Nem sempre ganhamos ou perdemos na vida. E isso se aplica sobremaneira à tradução. Voltei a pensar nessa questão depois de uma das aulas do curso sobre dificuldades de tradução literária, ministrado pelo prof. Maurício Santana Dias, tradutor de italiano e acadêmico. Uma participante do curso perguntou sobre trocadilhos, expressões idiomáticas e afins, ficou mais do que claro que devemos contar com um imenso jogo de compensações.
Lembro da Maria Alice Vergueiro, num dos episódios de “Tapa na Pantera”, dizendo ‘fuma aqui, toma um chá, fuma aqui, toma um chá’. Na tradução acontece um pouco dessa forma: ganha aqui, perde ali, ganha ali, perde lá, numa sucessão que é o risco assumido pelo profissional. E isso não se restringe à tradução literária, mas a todo o tipo de tradução, pois esse jogo das compensações também se aplica à tradução não literária. Quando se percebe que a tradução não é um jogo de espelhos, fugindo da ideia de palavras e frases como compartimentos estanques que recebem o conteúdo de outros compartimentos estanques, esse jogo começa a ficar mais prazeroso e interessante.

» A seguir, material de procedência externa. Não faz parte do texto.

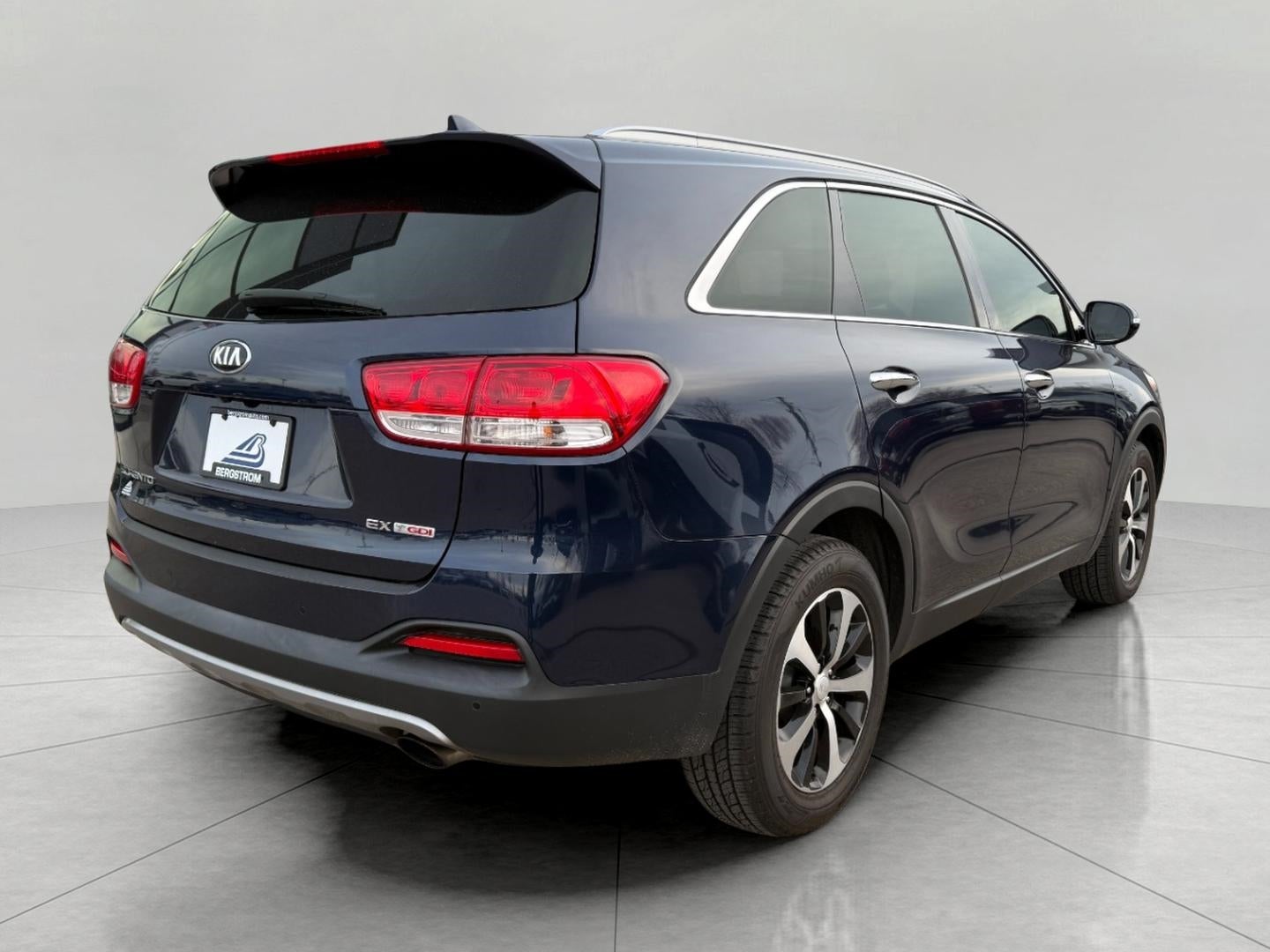 2016 Kia Sorento EX
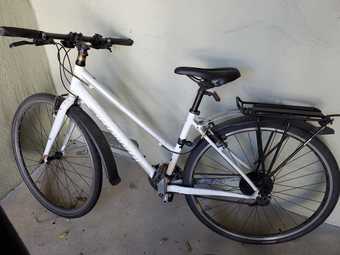 Women's bike - brand: specialized 1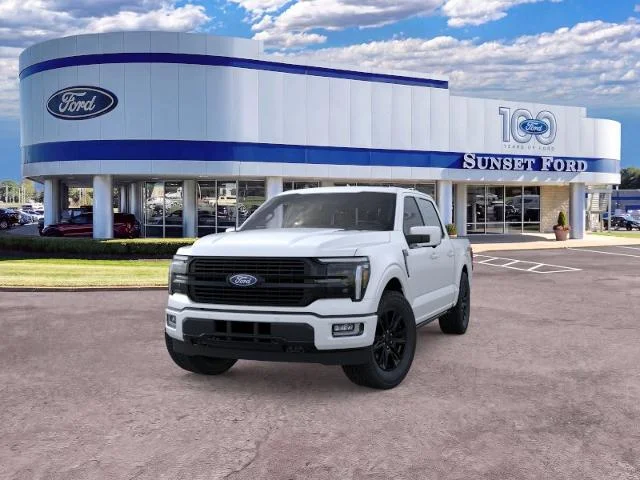 New 2026 Star White Metallic Tri-Coat Ford Platinum® image 2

Traduzir é escolher. Escolher é enfrentar. Não é possível afastar-se dessa afirmação no mundo da tradução, ou seja, não dá para deixar as opções lá e dizer: “Oi leitor, escolha a que melhor se encaixe ao seu gosto, ideologia, modo de pensar etc.”. Numa análise de uma tradução, surgiu o comentário de que uma palavra utilizada por ele, logo no início do texto, estava carregado de significados dentro do contexto daquela obra. O tradutor, corajosamente, ultrapassou a barreira das definições dicionarizadas e inseriu naquela obra um dado que talvez nem o próprio autor teria pensado. Abuso? Não, criatividade. Pois a palavra inserida não prejudicou em nada o sentido do texto, não fugiu, digamos, de um “alcance” semântico da palavra escolhida para o autor. Ao mesmo tempo, trouxe um dado importante da obra logo no início, informação que foi mesmo pensada pelo tradutor.
E aí nos diferenciamos da máquina.
Quando fazemos nossas escolhas conscientes, descobrimos nossa voz dentro da obra ou do texto e tornamos essa voz mais alta que a voz do texto na língua fonte. Não precisamos encobri-lo por completo, mas no texto traduzido deve prevalecer a voz do tradutor. Em resumo, num conceito bastante caro nos dias de hoje: recriação.
Por isso, da próxima vez que estranhar uma tradução (e para usar um jargão, “salvo erro manifesto”), pense que o tradutor escolheu aquela frase/palavra/termo com cuidado. Ou ao menos deveria tê-lo feito. Pois é exatamente o que fazemos o tempo todo. Escolhas.